State esplorando un’aggregazione…
«Il nostro obiettivo è la crescita organica, solo con quella potremo arrivare a fatturare un miliardo in più rispetto ai 2,3 miliardi del 2024 nell’arco di cinque o sei anni. Ma se trovassimo anche un’alternativa attraverso un’operazione straordinaria potremmo raddoppiare le nostre dimensioni. Riceviamo proposte di fusione, di alleanze nelle varie catene industriali. L’idea può anche essere di disegnare un percorso assieme, a più tappe che può portare a un merger. D’altronde la crescita e la diversificazione condotte da Ima hanno consentito di compensare gli impatti prodotti dalle crisi geopolitiche. Essere sul mercato con dimensioni più significative avrebbe ricadute positive anche sui margini».
Il mercato si aspettava un’operazione tra Ima e Promach, l’azienda americana del packaging in portafoglio al fondo Bdt & Msd Partners…
«Dopo un’attenta analisi ci siamo fermati. Promach ha grandi capacità e competenze, ma non c’erano i presupposti per una fusione».
Nel caso di una grande operazione, quanto pesa il tema del controllo?
«Nessuno guarda più al controllo tradizionale con il 51%. Attraverso i diritti di voto si può avere un’influenza importante sulle aziende. Sulla base del cambiamento che stiamo impostando sono entrati, non solo il fondo americano ma anche le famiglie di industriali che hanno investito nell’operazione al nostro fianco. In fondo al percorso vediamo Ima tornare sul mercato».
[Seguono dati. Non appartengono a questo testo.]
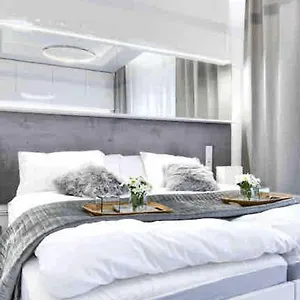  Apartament Przy Targach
L’dea è di tornare in Borsa?
«Non sappiamo se in Europa o negli Stati Uniti, il percorso è ancora molto lungo ma la visione è chiara. Post crescita organica o post fusione vorremmo che Ima tornasse quotata. Dopo il delisting del 2021 abbiamo avviato la trasformazione dell’azienda che è cresciuta e ha un margine operativo più che raddoppiato. Vediamo se ci saranno le condizioni».